5. Next steps: Some thoughts …
- The T L Trust. T L remains an Open Source approach and every effort is made to maintain independence. The next step is to appoint a group of trustees and these people will help us to build momentum for the T L agenda.
- Develop the Blog. Plans are in place to migrate to a better site with additional features that can generate funds that will be invested directly in research.
- On-Line Conference. The idea would be to develop the above ideas on a series of video talks that would feature on a website and open up the debate still further.
- Seminars. We are in discussions in India; Argentina and Africa to launch a set of seminars on T L with Case Studies. The seminar would cover:
– T L: A methodoological framework.
– Case Studies
- Research. Lenny Koh has been instrumental in exploring ideas at the University of Sheffield and we are optimistic that this can open up more significantly in coming months. Any thoughts on how we can link to Institutions in the Americas; Asia; Africa and elsewhere? The on-line Conference will be part of this process.

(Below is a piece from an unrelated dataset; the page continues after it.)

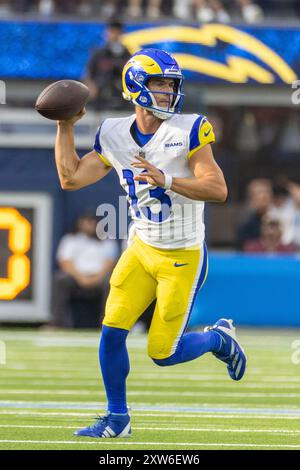 Los Angeles, Californie, États-Unis. 17 août 2024. Le quarterback des Rams de Los Angeles Stetson Bennett #13 semble passer contre les Chargers de Los Angeles lors d'un match de pré-saison de football de la NFL au SoFi Stadium, samedi 17 août 2024, à Inglewood, Calif. (crédit image : © Ringo Chiu/ZUMA Press Wire) USAGE ÉDITORIAL SEULEMENT! Non destiné à UN USAGE commercial ! Banque D'Images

And so, let’s close on seasonal greetings to a few of the people who have encouraged my pen to scratch away through several Friday evenings on T L related topics. German Banchio and Fernando Ferrero on the relevance to South America and Byron Song on China; Masha Afanasieva on Russia; Duncan Morgan of Baobab and Clare Brennan have been very insightful on Africa and, Graham Hamilton very helpful with insights from fieldwork in Tamil Nadu. So too Sravish on a number of ideas. Above all, the support of Neil Watson and Andy Maslaveckas at Archomai have been pivotal in allowing the time to progress from the beer mat discussion with Sridhar in Chennai.
Enough said. Progress has been made despite a lack of resources typical of these sorts of venture and, maybe, the thoughts are best developed in book form. Watch this space. Meanwhile, we are keen to feature more Case Studies and respond to realities out in the field. You are all welcome to contribute and other writers are needed as we try to step up a gear in coming months.